Well here we go again… high tech gadget launches by Apple, Samsung, Sony and others are once again bringing momentary cheer to the air cargo sector. With so much excess capacity in the market, picking up some of this gadget cargo translates into welcome relief for many carriers. But as the carriers themselves know all too well, this bonanza is nothing but a temporary blip on the radar and indeed a blip that is getting ever shorter with each passing year.
More efficient supply chain planning and crucially, that old ocean freight bogeyman that has become vastly more efficient in recent years, continues to erode volumes. Even the sacrosanct iPhones and iPads now transition out of air freight to slower but vastly cheaper ocean freight once the initial surge of demand has been satiated after a few months, if even that long.

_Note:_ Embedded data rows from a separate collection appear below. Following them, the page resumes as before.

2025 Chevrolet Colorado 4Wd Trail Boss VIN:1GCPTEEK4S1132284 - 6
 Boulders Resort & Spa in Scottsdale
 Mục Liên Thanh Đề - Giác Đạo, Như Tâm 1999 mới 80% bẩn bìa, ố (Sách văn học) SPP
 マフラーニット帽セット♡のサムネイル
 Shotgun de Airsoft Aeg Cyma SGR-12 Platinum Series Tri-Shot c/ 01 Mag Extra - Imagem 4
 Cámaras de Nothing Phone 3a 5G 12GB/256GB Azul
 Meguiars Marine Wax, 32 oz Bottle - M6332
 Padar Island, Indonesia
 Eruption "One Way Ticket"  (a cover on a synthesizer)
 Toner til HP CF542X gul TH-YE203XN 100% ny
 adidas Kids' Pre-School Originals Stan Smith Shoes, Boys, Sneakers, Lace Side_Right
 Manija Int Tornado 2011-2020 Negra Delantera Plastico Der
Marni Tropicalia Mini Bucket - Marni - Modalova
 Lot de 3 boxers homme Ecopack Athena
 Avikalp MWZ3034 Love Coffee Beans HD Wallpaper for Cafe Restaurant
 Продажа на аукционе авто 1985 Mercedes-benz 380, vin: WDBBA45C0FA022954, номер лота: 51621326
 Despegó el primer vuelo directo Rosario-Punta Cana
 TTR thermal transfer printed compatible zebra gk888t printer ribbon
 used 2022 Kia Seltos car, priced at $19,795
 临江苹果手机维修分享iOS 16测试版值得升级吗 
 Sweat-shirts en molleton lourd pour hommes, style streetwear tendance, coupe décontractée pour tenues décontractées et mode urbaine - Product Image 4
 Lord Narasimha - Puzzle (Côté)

But as it has so often been highlighted, the industry simply cannot and should not rely on this single commodity to fill its aircraft and boost its earnings. And while high tech goods remain an important airfreight commodity at least for the short, to medium term, a great many freight forwarders and carriers are working towards a portfolio of customers that represent a wider range of industries. This includes a push by a number of carriers into high-value goods, perishables and pharmaceuticals – all helping to both diversify the business and bring in higher yield cargo.
At many industry forums over the last couple of years there has been a growing call and debate over the need for a new business paradigm based around focusing on not only the core attributes of efficient, secure and fast movement of cargo, but through greater value adding. As Jeff McCorstin, UPS Asia Pacific’s freight forwarding head told me in a recent conversation, if you are a carrier you “can’t just be a port-to-port transactional commodity. You have to move up and down the supply chain with your customer to actually provide value. If you are an ocean or air carrier you have to reinvent yourself,” he argued.
This is clearly going to be even more important going forward as global economic volatility, rising fuel prices and intensifying competition are here to stay. In short, the wolves are (still) at the door – modal shift, near shoring, on shoring and so on – aren’t going to go away, in fact their pack is simply becoming larger, more diverse, smarter and hungrier. But in adversity and challenge, the most successful companies find innovation and opportunity. This month’s cover story highlights exactly that issue – it’s a bit of a ‘shot across the bow’ if you will and highlights the rapidly emerging manufacturing technology known as 3D Printing. For supply chain experts, freight forwarders and air cargo carriers to ignore it, or worse still deride it as hobbyists’ folly, is surely to invite disaster.
The clever companies will already be keeping a close eye on developments in 3D Printing and developing strategies, not to survive the far-reaching impact it will surely have on global supply chains, but developing innovative strategies to facilitate and tap the changing patterns. The fact this technological development has been called not only the most significant manufacturing development since the adoption of the assembly line, but nothing less than a Third Industrial Revolution, means no one should, or can afford to underestimate the transformational impact it will have on their business in the coming years.
I end with the words of Oliver Evans, Swiss WorldCargo boss and TIACA chief: “It is simple: The less we invent and transform, the more we will lose our competitive edge in terms of speed, reliability and security – and the harder it will become to attract future customers, except for the ones who have emergency cargo or the highest value goods. And the process is already under way as we all know, accelerated by the economic downturn of recent years but inevitable nonetheless, even in better times.” Food for thought, as unpalatable as it might be.